I finished the paper I'm presenting at the Children's Literature Association conference in Ann Arbor on Thursday. Hooray! I am quite fond of the paper at this moment, perhaps because I'm so fond of the books I'm writing about: Double Date, Double Feature, and Double Wedding, published in the 1950s by Rosamond Du Jardin. I love spending time at the "Teen Hangout" with Pam and her "smooth" friends, and spending time with Penny on the Headlines Club sleigh ride!
The paper isn't very long, 10 pages or so, perfect for a 20-minute presentation slot at the conference. My writing system for scholarly papers always involves writing a short paper first to present at a conference, and then gathering comments on the paper from the conference attendees, and using those comments to expand and develop the paper more fully. If it's a children's literature conference, they tell me other books I should be reading, texts that resonate with my focus texts, critical commentary I've overlooked; if it's a philosophy conference, they raise devastating counterexamples to my argument and shower me with objections. Then I go home and read the recommended books and respond to the rigorous objections. The result is a much improved version of the paper that I can now submit to a journal for publication, knowing that I'll also be getting comments from the double-blind referees (they don't know who I am, and I don't know who they are), which will allow me to revise the paper into its final form.

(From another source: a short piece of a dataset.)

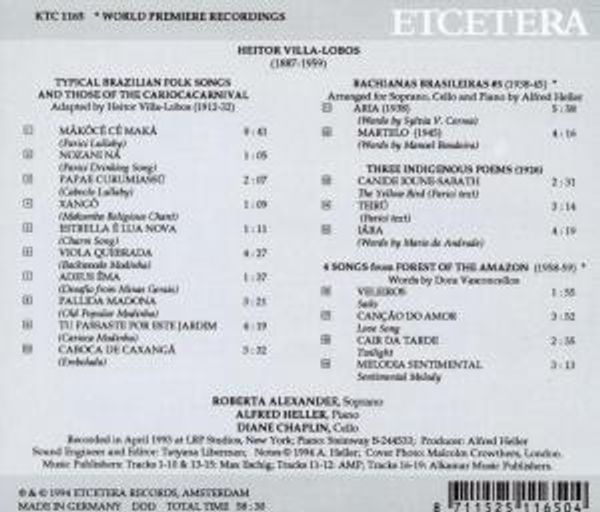 Songs back cover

In the philosophy department, our graduate students have to submit a "fifth-semester paper" which is supposed to serve as evidence that they can do work that is approaching a professional, publishable level. We debate in the department about how much help we should be giving the students with these papers: are the papers supposed to show what the students can do on their own? or are the papers supposed to assist in developing a mentoring relationship that will continue on through the writing of the dissertation?
As you may suspect, I'm solidly in favor of the second approach. I've never written a single paper "on my own" - why should my students have to do what I am unable and unwilling to do? I couldn't write or publish a successful scholarly paper without help from my friends - and my enemies! (Or at least, my critics and philosophical opponents. ) Every paper of mine is in that sense a collaboration.
I'm looking forward to hearing what my "collaborators" in Ann Arbor are going to have to say about my Du Jardin paper later this week.